### Problem
Could you output exactly the lines running from the one containing "Market Shelf - Cakes and Pies" to the final line of the listing below, leaving out pictures?

+ + + +

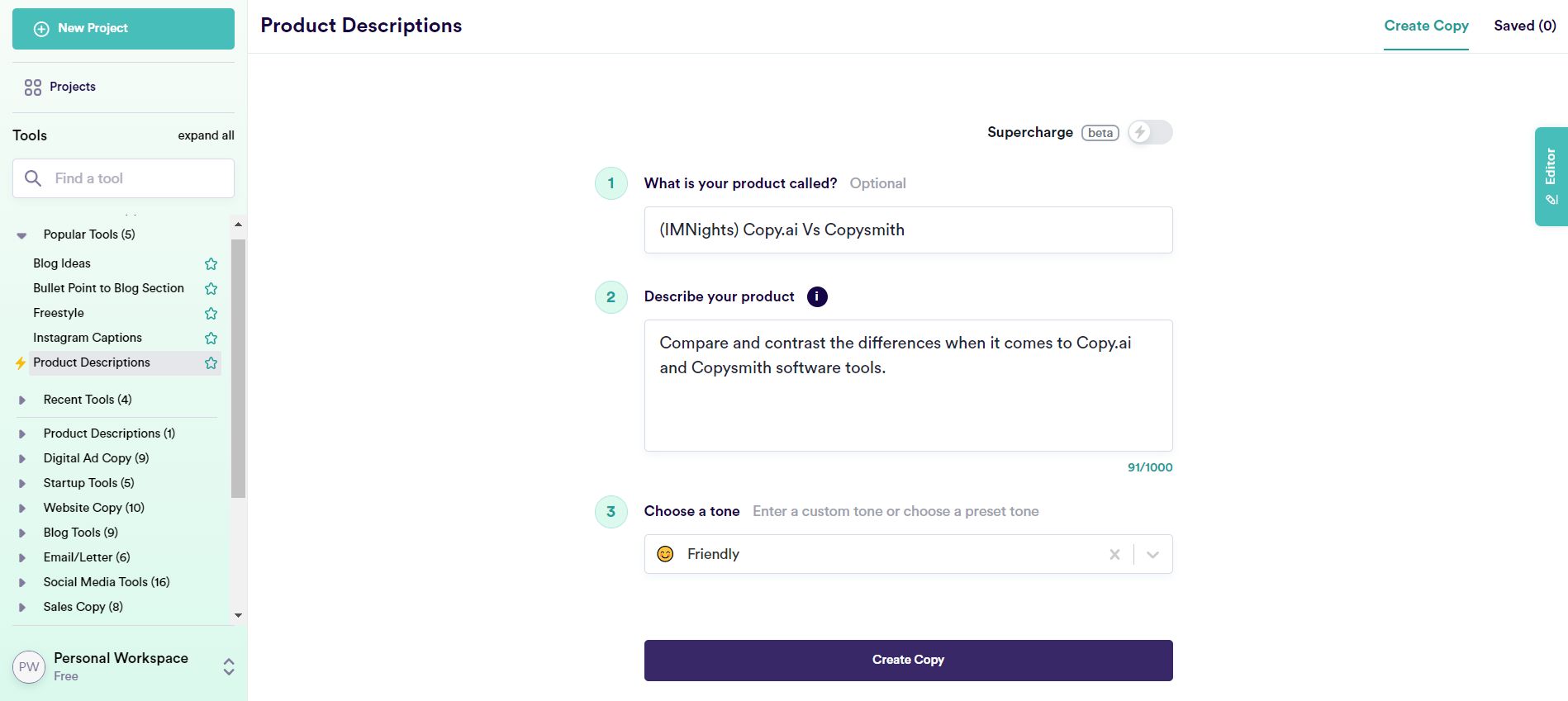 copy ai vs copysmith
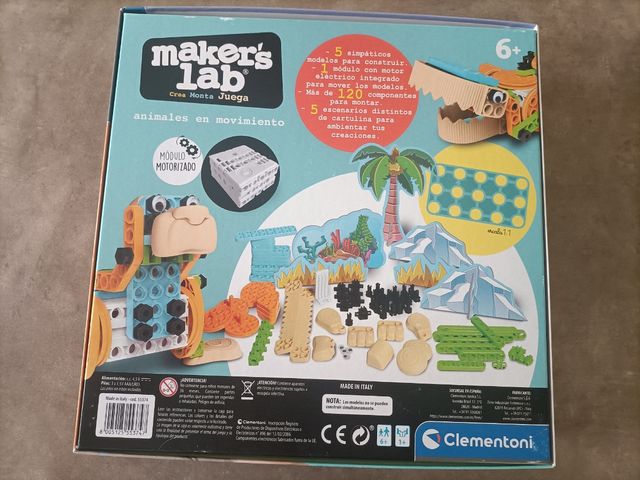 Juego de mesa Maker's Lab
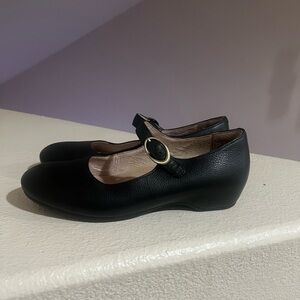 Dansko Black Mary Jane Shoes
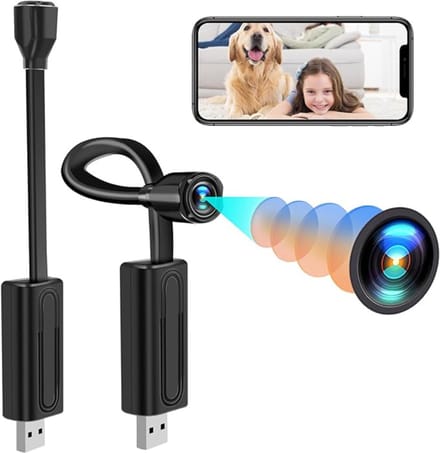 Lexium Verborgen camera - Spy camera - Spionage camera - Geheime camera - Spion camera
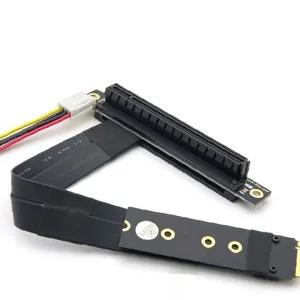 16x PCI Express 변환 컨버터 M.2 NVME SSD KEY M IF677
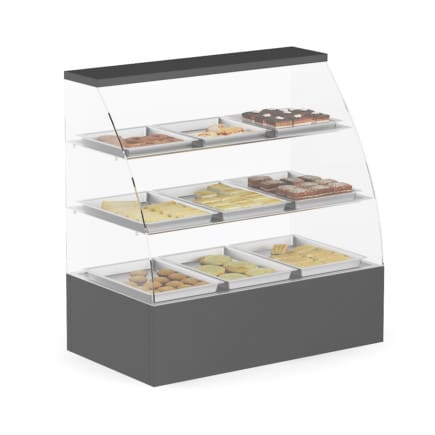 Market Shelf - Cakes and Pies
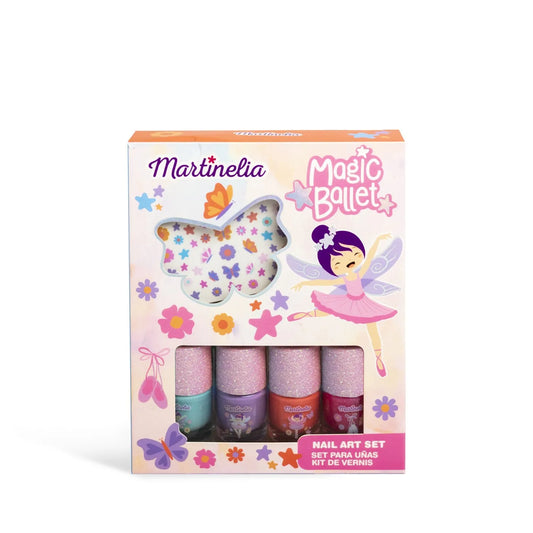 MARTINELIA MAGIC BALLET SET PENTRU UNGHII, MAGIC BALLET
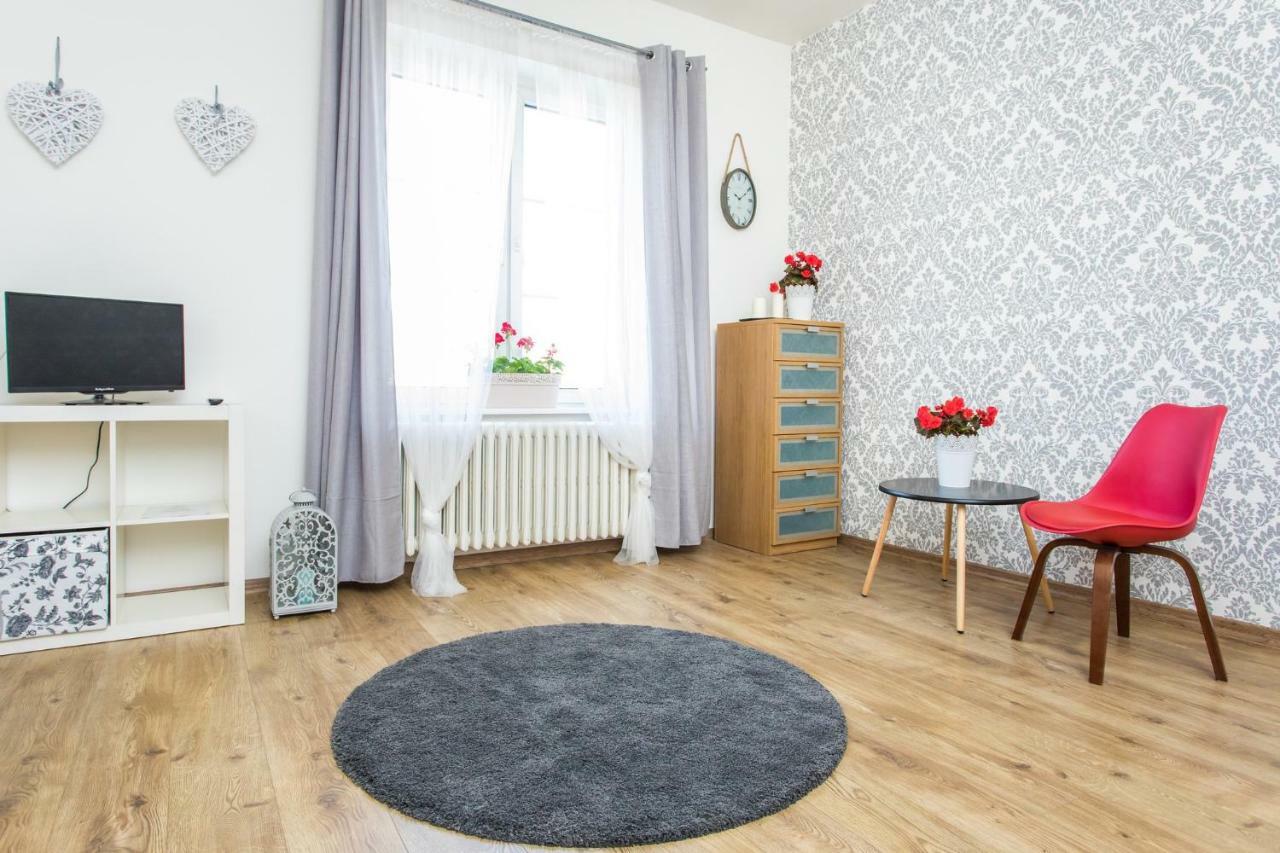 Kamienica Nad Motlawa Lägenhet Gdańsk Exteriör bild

+ + + +

### Written solution
 Market Shelf - Cakes and Pies
 MARTINELIA MAGIC BALLET SET PENTRU UNGHII, MAGIC BALLET
 Kamienica Nad Motlawa Lägenhet Gdańsk Exteriör bild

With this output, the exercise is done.